Exercise description — For the records below, say how many lines contain the string "Package". Give the number only.

Data provided —

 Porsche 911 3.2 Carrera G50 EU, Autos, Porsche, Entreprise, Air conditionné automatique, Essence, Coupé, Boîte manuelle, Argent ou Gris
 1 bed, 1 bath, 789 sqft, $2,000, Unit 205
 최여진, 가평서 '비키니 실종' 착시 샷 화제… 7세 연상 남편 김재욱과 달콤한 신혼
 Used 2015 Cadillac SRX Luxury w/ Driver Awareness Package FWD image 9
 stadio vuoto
---
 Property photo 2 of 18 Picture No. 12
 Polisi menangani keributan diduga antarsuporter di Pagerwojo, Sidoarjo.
--
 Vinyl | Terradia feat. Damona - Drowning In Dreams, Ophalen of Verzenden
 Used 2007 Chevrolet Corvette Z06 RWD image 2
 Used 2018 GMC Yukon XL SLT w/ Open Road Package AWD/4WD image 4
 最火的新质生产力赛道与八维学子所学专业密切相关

Response — 2